One week after SDC edits the data still shows up in WCQS queries
Closed, ResolvedPublic

Description

I have a query finding identical duplicate SDC entries for some statements. I removed the duplicates (see here on September 1 but today on September 6 the query still shows duplicates. WCQS should show us what is the data now, not a week ago.

Event Timeline

Restricted Application added a subscriber: Aklapper. · View Herald Transcript
Jarekt renamed this task from One week after SDC queries the data still shows up in WCQS queries to One week after SDC edits the data still shows up in WCQS queries.Sep 7 2020, 2:37 AM

What time on September 1st was this? According to https://lists.wikimedia.org/pipermail/commons-l/2020-August/008161.html it appears the data is reloaded every Tuesday around 9am UTC; perhaps after two days your changes will then manifest in the query result.

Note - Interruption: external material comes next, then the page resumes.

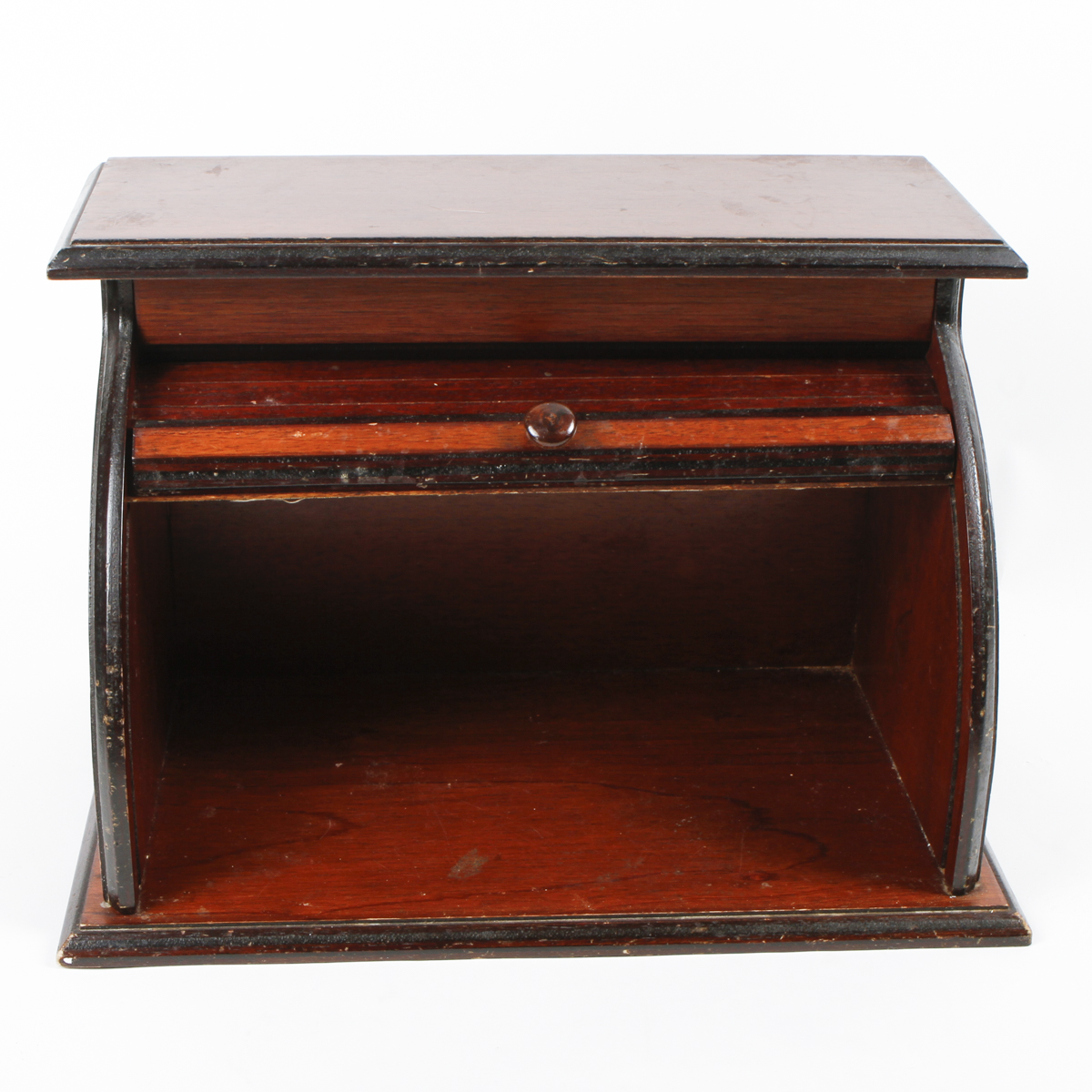 Wooden Bread Box with Rolltop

The process we have right now is that we use SDC dumps to reload the data each week. Dumps are made each Sunday, which means, that all the changes made between Aug 30th and Sep 6th will only show up in the dump released on Sep 6th. I pushed the update time from Tuesday to Monday, so that the change is visible faster, but it still dependent on the dump itself. Since the current process takes around 4h, we decided not to do the reload more often. Reload should happen today, so after today the change should be visible.

Please note that this is a limitation of the beta service - real time updates will be implemented at some point.

This comment was removed by Zbyszko.

Today's reload happened and if this (https://tinyurl.com/y5vd95rm) query is correct, there are no duplicates. @Jarekt, can you confirm?

I can confirm that my query works as expected today all the found duplicates were real. I did not realized that we had at maximum one week lag between edit and the update of WCQS. The length of that lag was my concern, but it sounds like it will not be addressed in beta version

Gehel claimed this task.